The reality of wetlands loss continues to hit home, as earlier this year the names of 31 coastal points on the west side of Plaquemines Parish that fishermen and hunters have known for years have been removed from NOAA maps and reduced to "historical status only."
Lambert has spent decades watching those places wash away and believes accelerated freshwater diversion will restore the loss.
“Between my lodge and Venice, so Ostrica locks to Baptiste Collette, there are 19 diversions," Lambert said. "Probably got 400,000 (cubic feet per second) coming through this area, and it doesn't hurt our saltwater fishing. Our ground is hard as a rock. It doesn't roll up because it has sediment. But the most important thing is what you see right here, all this vegetation, that's what keeps Louisiana alive."
“I know you've seen some of the benefits that freshwater's done down at the mouth of the river, but I want you to see what the nitrates and the chemicals from the river water's done to this brackish water marsh,” said Capt.
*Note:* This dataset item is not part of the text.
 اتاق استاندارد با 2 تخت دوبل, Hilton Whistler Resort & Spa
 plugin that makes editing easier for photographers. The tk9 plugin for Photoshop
George Ricks, president of the Save Louisiana Coalition. “Now all of this was connected as much as two years ago as Isaac came in, and you can see what it’s done this is all open water.”
“I must state that I've championed diversions for a long time. I published on diversions and I still believe that diversions are one of the best tools in our tool kit for reversing the long term land loss problem,” said Dr. Sherwood Gagliano of Coastal Environments Inc. “Having said that, however, diversions work in some areas and they're counter-productive in other areas.”
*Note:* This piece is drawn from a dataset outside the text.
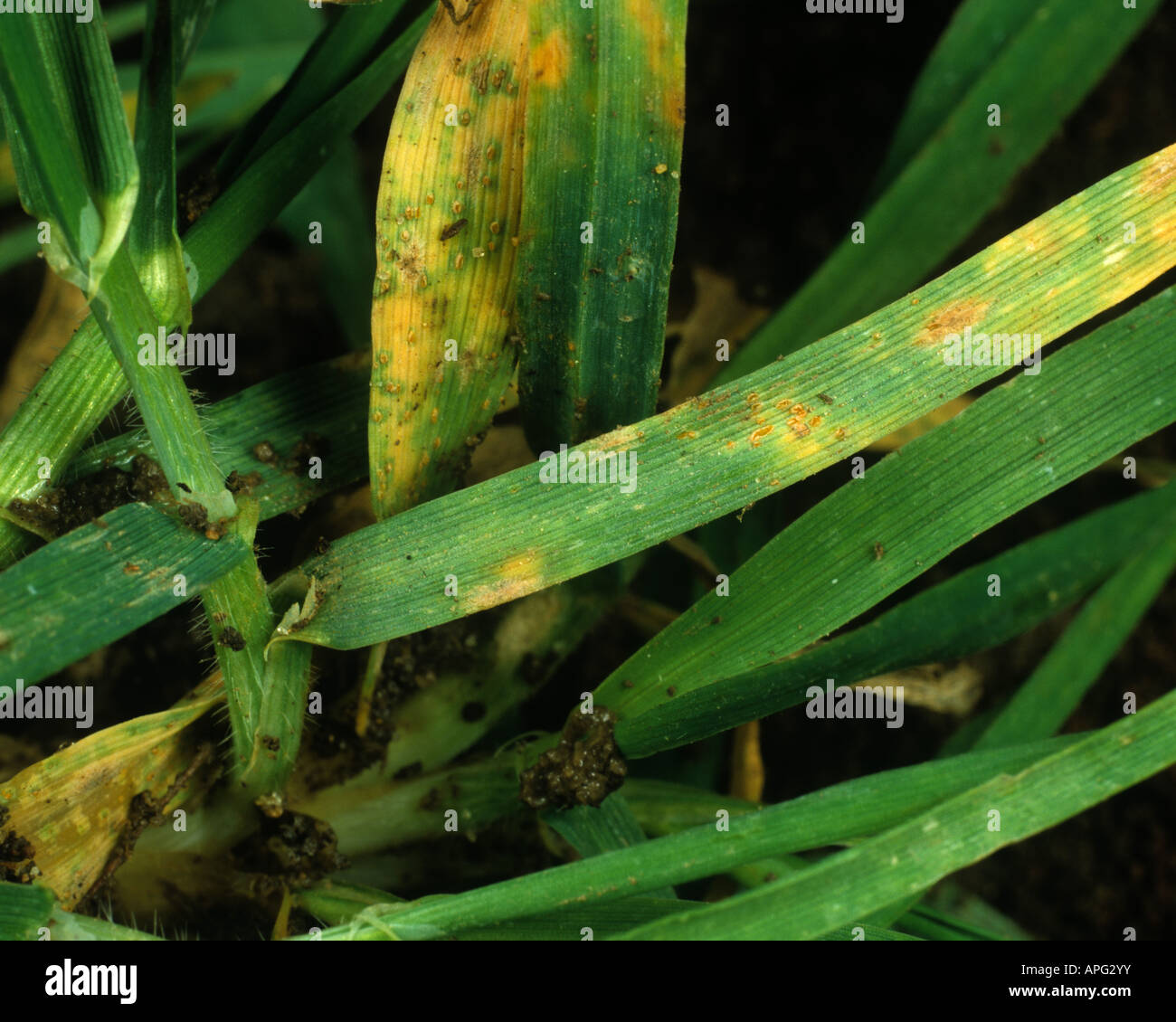 Pulverförmiger Mehltau Blumeria graminis f.sp. Hrdei brauner Rost Puccinia hortei Infektion auf Sämling Gerstenblatt Stockfoto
“From what I've seen, the scientific studies that I've pulled up, it seems like wherever the river has the most influence on a high salinity marsh, that's where most of the erosion rates are,” Ricks said.
“We should manage that as an estuarine area, and by that I mean we need to throttle back the processes that are causing to erode and deteriorate,” Gagliano said. “There's too much energy in the tides. What we need to do is get that in a more managed condition, if we do that it does not preclude using diversions, smaller diversions selectively to optimize the water salinities and other conditions.”
“It’s all a matter of letting Mother Nature do her thing,” Lambert said. “She knows what to do. We don't have to study it. You know we messed up when we made the levees. Before I die I will see some of it.”
“It all depends on what you want,” Ricks said. “You want saltwater fishery, saltwater fish need saltwater. It’s as simple as that.”
“My appreciation of what is now unfolding is its generated some constructive conversation, and I think we're going to arrive at some scenarios that all of us like better,” Gagliano said.
A recent letter from NOAA to Coastal Protection and Restoration Authority mandates they address all public concerns whether they have merit or not, before proceeding with the first the state work through all citizen concerns before they issue any Diversion Project permits.
Following a series of public hearings with all sides involved, hopefully they'll reach a compromise on freshwater diversion, because after all, everyone is looking for the same thing -- healthy wetlands restores and renewable resources.